Do Shelters Reduce the Need for Foster Care?
By Kendra Hurley
It's well known that unstable housing and child welfare involvement—which includes foster care placements as well as services to prevent such placements—go hand and hand. But some argue that family shelters may actually work to reduce foster care placements among homeless families.
In the City’s family homeless shelters, about 25 percent of families have open child welfare cases, with a little over half of those families receiving services that monitor children’s safety while providing supports to their families,14 and the rest with children who have been removed to foster care.
Some of this connection between homelessness and child welfare involvement is fueled by parents behaving in ways that may be truly harmful to kids; research has established a clear link between poverty and abuse and neglect as well as harsher parenting styles.
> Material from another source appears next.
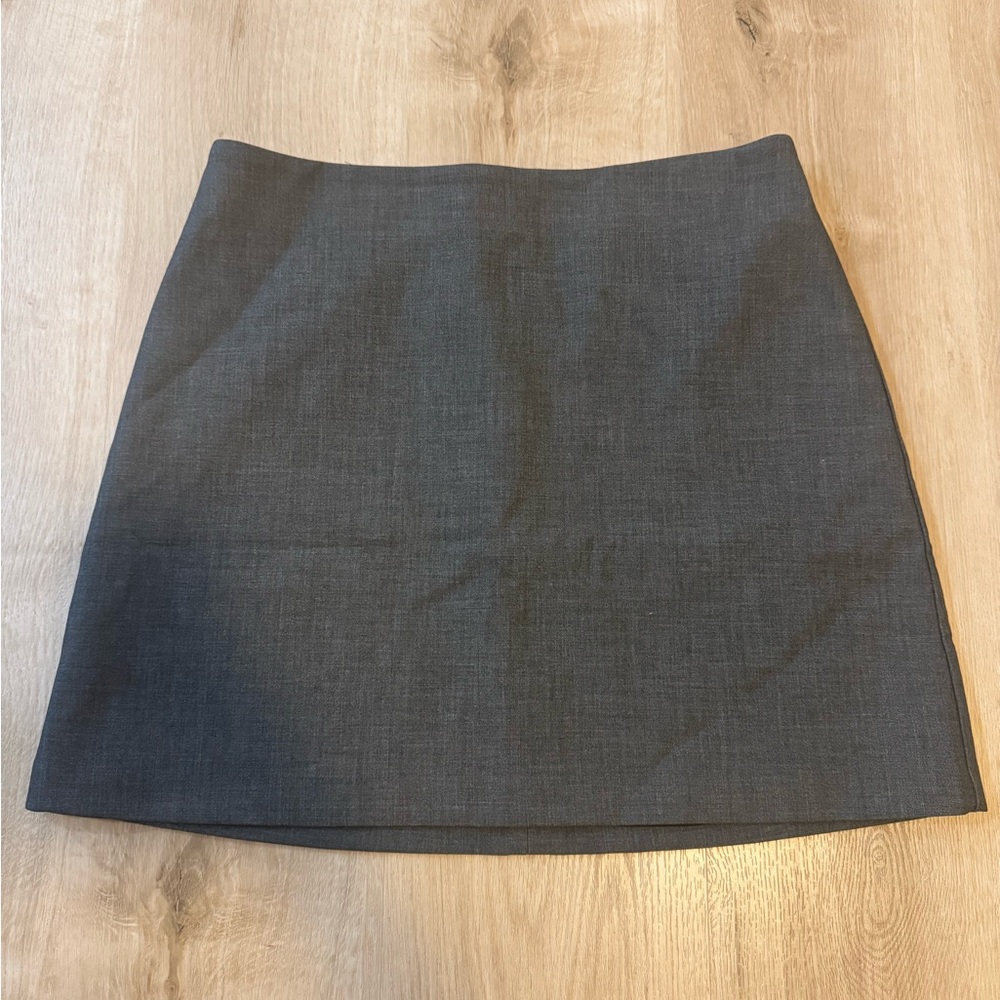 Aritzia Wilfred Classic Mini Skirt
Also significant, many parents who become homeless struggle with issues such as mental illness or substance abuse—issues that the stressors of homelessness and poverty no doubt exacerbate, and which have also been linked to abuse and neglect. As the adjacent chart from The Institute for Children, Poverty & Homelessness (ICPH) shows, among all New York City children in foster care, children who were taken from homeless families were nearly twice as likely to have parents who required support for issues such as mental illness compared to children who came from families where housing was not an issue.
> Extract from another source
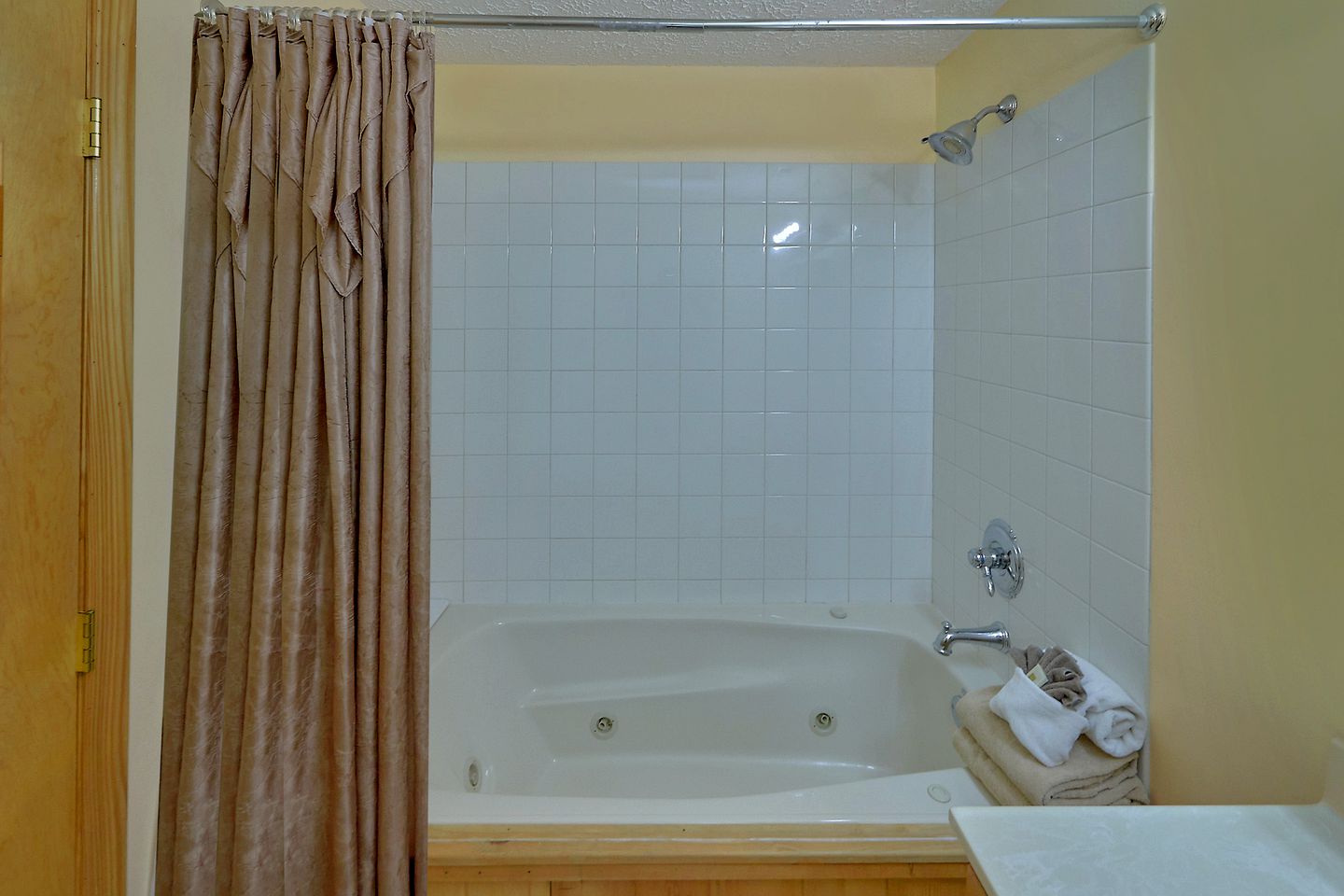 Mountain Haven Glamping near Great Smoky Mountains National Park in Gatlinburg, Tennessee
At the same time, homeless parents are more likely than housed parents to come in contact with mandated reporters for suspected abuse and neglect, and research suggests may be judged more harshly. “Our clients in general live their lives so much in public and under so much surveillance, and living in shelter becomes just one more access point for their behavior to be noted and reported,” says Emma Alpert, a parent attorney at Brooklyn Defender Services.
But George Nashak, executive vice president of HELP USA, one of the City’s largest homeless service providers, cautions that frequent contact with mandated reporters may be a good thing for many families. When a family is in shelter, he says, child protective workers know the children are being monitored, something that “gives [child welfare services] a little bit of confidence that they can remain together,” says Nashak. “I think paradoxically being in shelter helps families stay together.”
Previously unpublished data analyzed by ICPH found that while nationwide, 10 percent of children in foster care were placed there in part due to housing issues such as homelessness, in New York City—where homeless families have a right to shelter—just 5 percent of children in foster care were placed there due to housing issues including homelessness.This suggests that for some homeless families, living in a shelter may, indeed, help to stave off foster care removals.